I'm not always a prat. Something about python-dev brings out parts of me
that I thought I had discarded from my personality years ago. Toss in a bit
of needing to re-explain ideas that I've been trying to explain for almost
9 years? Frustration + formerly discarded personality traits = uck. That's
pretty much why I won't be rejoining the party here regularly, you are all
better off without me commenting on 95% of threads like I used to.

Victor, I'm sorry for being a jerk. It's hard for me to not be the guy I
was when I spend time on this list. That's *my* issue, not yours. That I
spent any time redirecting my frustration towards you is BS, and if I could
take back the email I sent just before getting Guido's, I would.

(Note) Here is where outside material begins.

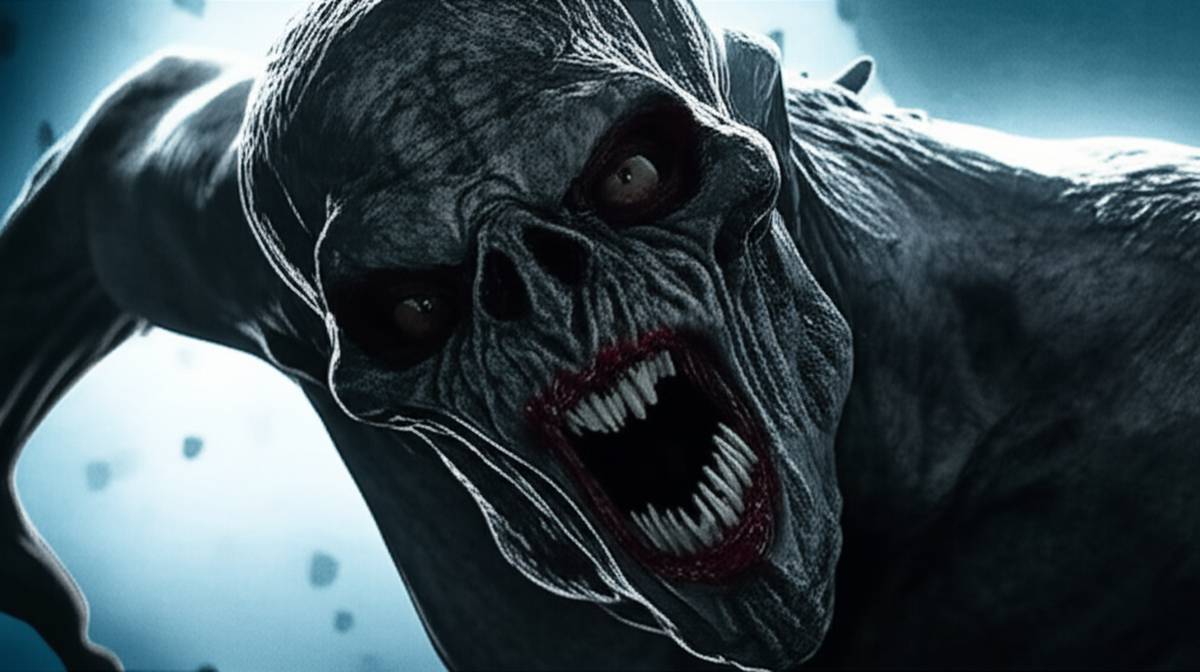 فیلم و سریال نقد و بررسی فیلم هیولا (Monster) - داستانی از رنج و امید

I would advise everyone to write it off as the ramblings of a surprisingly
young, angry old man. Or call me an a-hole. Both are pretty accurate. :)

But that PEP? It's just a terrible PEP. It doesn't contain a single line of
> example code. It doesn't specify the proposed interface, it just describes
> in way too many sentences how it should work, and contains a whole lot of
> references to various rants from which the reader is apparently meant to
> become enlightened. I don't know which of the three authors *really* wrote
> it, and I don't want to know -- I think the PEP is irrelevant to the
> proposed feature, which is of "put it in the bug tracker and work from
> there" category -- presumably the PEP was written based on the
> misunderstanding that having a PEP would make acceptance of the patch
> easier, or because during an earlier bikeshedding round someone said
> "please write a PEP" (someone always says that). I propose to scrap the PEP
> (set the status to Withdrawn) and just work on adding the methods to the
> subprocess module.
>

I'm not going to argue. The first I read it was 2-3 days ago.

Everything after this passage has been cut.